06 April 2008
The success of Erin Hunter's Warriors series no doubt paved the way for the publication of Vasco: Leader of the Tribe, which is more of a poor man's Watership Down than a compelling animal drama. Vasco, a wharf rat, is one of the few survivors of a calculated campaign by Man to exterminate all rats from human habitats. Vasco finds himself the unexpected, but not really unwilling, leader of a rapidly expanding tribe of rats, also on the run from extermination. As he leads them from their homes, through a perilous sea journey to an unknown land, and eventually to settlement in a foreign jungle, Vasco's skills as a diplomat and rat of change are constantly called into use.
As an advocate for rats, I had great hopes for this book. But it was dire. There is none of the mythic purpose that grounds the Warrior books, where well organized clans of feral cats coexist. There's not even the genuine force of evil that propels the struggle in the Ga'hoole series. The rats of "Vasco" are all at odds with each other seemingly because they are fueled by constant panic and a diet of garbage. Vasco is a visionary in his wish to establish a stable life, rather than simply survive, but his is the lone voice of reason or optimism. And at 300+ pages, shifting from one rat fight to another is exhausting and tiresome.
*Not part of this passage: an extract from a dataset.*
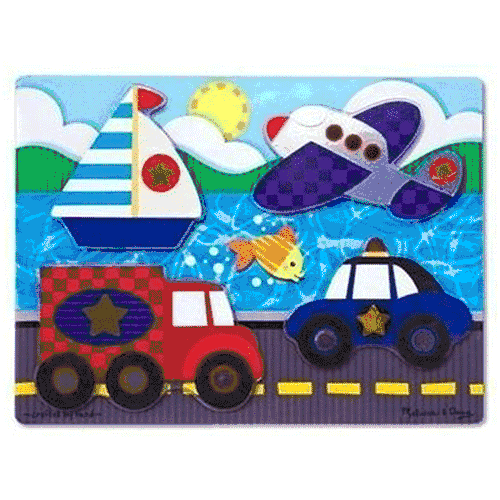Melissa & Doug Vehicles Touch and Feel Puzzle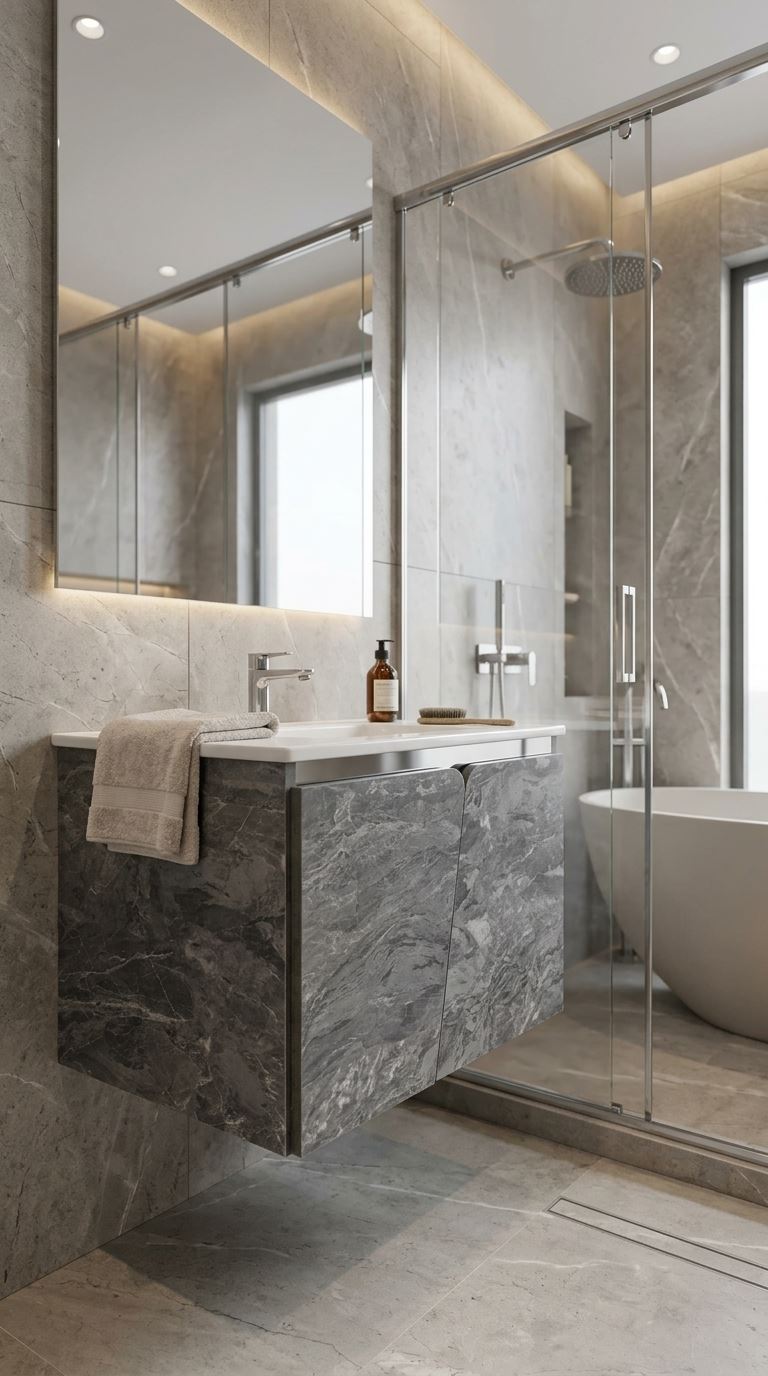 CRYSTAL bathroom unit, code C745-75, Dark grey marble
As with any book that has been translated (in this case from French to English) there is always in my mind the thought that perhaps something has been lost in the process. But it's hard not to believe that the nihilistic tone of the book is thoroughly Continental. There are plenty of vicious battles in the Warriors books, but we also see the cats at play, exhilarated by their sense of purpose, and encouraged by their belief in the spirits. The rats in "Vasco" only exist to breed and eat. When I think of Ratatouille, where an ambitious rat also wanted to do more than just survive, I wish that "Vasco" provided more bright spots and less cruelty.